The machine-learning side is the new frontier, where things are getting really interesting, or, depending on how you feel, creepy.
“Finally, I crossed my Rubicon,” writes Seabrook:
The sentence itself was a pedestrian affair. Typing an e-mail to my son, I began ‘I am p—’ and was about to write ‘pleased’ when predictive text suggested ‘proud of you.’ I am proud of you. Wow, I don’t say that enough. And clearly Smart Compose thinks that’s what most fathers in my state say to their sons in e-mails. I hit Tab. No biggie.
And yet, sitting there at the keyboard, I could feel the uncanny valley prickling my neck. It wasn’t that Smart Compose had guessed correctly where my thoughts were headed—in fact, it hadn’t. The creepy thing was that the machine was more thoughtful than I was.
Together, these two bits of news spell the end of literacy in the United States. With so much to watch — on Netflix, Hulu, Amazon Prime, YouTube, Snapchat, Instagram, and now Disney+ and all the other streaming services about to launch in the next few years — and programs like Smart Compose and Grammarly, it isn’t hard to imagine a world in the not too distant future where people rarely read and, when they need to write something, have their words written for them, even chosen for them, by some computer, a machine, some thing.

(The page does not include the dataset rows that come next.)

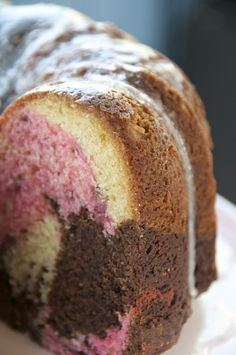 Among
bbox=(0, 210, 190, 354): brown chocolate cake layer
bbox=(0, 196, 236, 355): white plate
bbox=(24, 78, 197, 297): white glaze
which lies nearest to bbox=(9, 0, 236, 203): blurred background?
bbox=(0, 196, 236, 355): white plate

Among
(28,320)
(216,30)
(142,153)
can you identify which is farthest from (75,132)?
(216,30)

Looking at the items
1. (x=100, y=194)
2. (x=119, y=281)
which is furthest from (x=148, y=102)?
(x=119, y=281)

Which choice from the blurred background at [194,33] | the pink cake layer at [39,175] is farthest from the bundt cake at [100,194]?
the blurred background at [194,33]

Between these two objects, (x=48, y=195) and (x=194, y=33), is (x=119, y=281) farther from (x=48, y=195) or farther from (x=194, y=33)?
(x=194, y=33)

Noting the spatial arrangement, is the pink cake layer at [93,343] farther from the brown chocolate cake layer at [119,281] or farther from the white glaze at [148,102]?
the white glaze at [148,102]

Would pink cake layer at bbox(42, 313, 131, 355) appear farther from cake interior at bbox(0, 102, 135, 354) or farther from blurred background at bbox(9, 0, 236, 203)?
blurred background at bbox(9, 0, 236, 203)

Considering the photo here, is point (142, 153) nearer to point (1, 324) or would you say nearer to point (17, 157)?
point (17, 157)

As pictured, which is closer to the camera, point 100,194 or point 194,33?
point 100,194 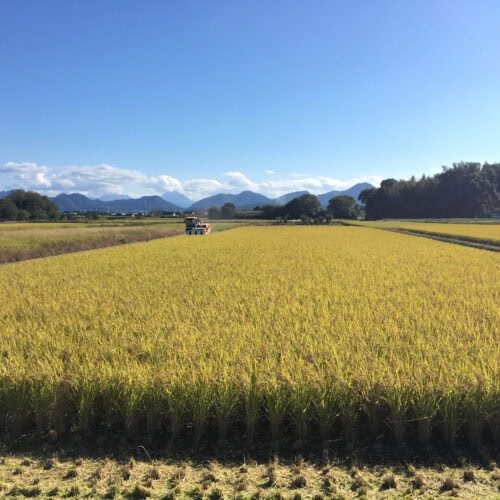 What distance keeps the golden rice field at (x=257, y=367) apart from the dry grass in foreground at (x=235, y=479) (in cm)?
34

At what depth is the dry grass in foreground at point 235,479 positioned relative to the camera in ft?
8.88

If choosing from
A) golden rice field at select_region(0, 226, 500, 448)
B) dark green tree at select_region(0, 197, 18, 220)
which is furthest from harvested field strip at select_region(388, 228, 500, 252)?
dark green tree at select_region(0, 197, 18, 220)

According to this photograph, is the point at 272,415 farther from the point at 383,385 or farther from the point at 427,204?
the point at 427,204

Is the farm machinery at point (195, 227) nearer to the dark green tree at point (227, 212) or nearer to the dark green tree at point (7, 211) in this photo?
the dark green tree at point (7, 211)

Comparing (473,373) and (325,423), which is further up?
(473,373)

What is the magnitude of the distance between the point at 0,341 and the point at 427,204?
330ft

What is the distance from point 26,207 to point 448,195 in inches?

We’re pretty much halfway there already. I recently read somewhere how teachers and professors are having trouble teaching their students to write in a less systematic way. Teachers have been training generations of kids to write according to specific rules, with a specific structure and according to a specific process, that even people graduating from elite universities still come out writing formulaically — you might even say robotically. They know how to write, though they don’t really know what they’re writing about.
Reading and writing are forms of thinking. Words are tied to ideas — they represent ideas — so juggling words and wrestling them onto the page is really the same as juggling and wrestling with ideas. People who don’t know how to read or write, or are at least very weak at it, will also be weak thinkers. And a society of weak thinkers makes for a democracy of citizens voting blindly and a marketplace of consumers buying blindly.
As a writer, nothing can be more depressing than the advent of a society where people are reading and writing less and less. For one it means the demand for my type of work is shrinking, but it also means that I will have to dumb myself down if I’m to be understood by the most number of readers. I’m torn: on the one hand I want to reach people with my words, but on the other I want to write as best I can, readers be damned.
But then again, I get it. I get that people have less and less time to read and write these days. Who has time to read a book, especially in the working class? I mean a good book, one that takes time not only to read but to digest. You can read the back of cereal boxes from sunup to sundown, but it just ain’t the same as reading a good book for a couple hours. A good book changes you, adds to you; cereal boxes just rot your brain.
Checking the word count, I see I’m already past the 1,000-word mark recommended by media types who say the average internet reader won’t bother with anything he can’t swallow in under two minutes. Which begs the question: Will anybody read this?
Which begs another question: Why did I even bother writing it?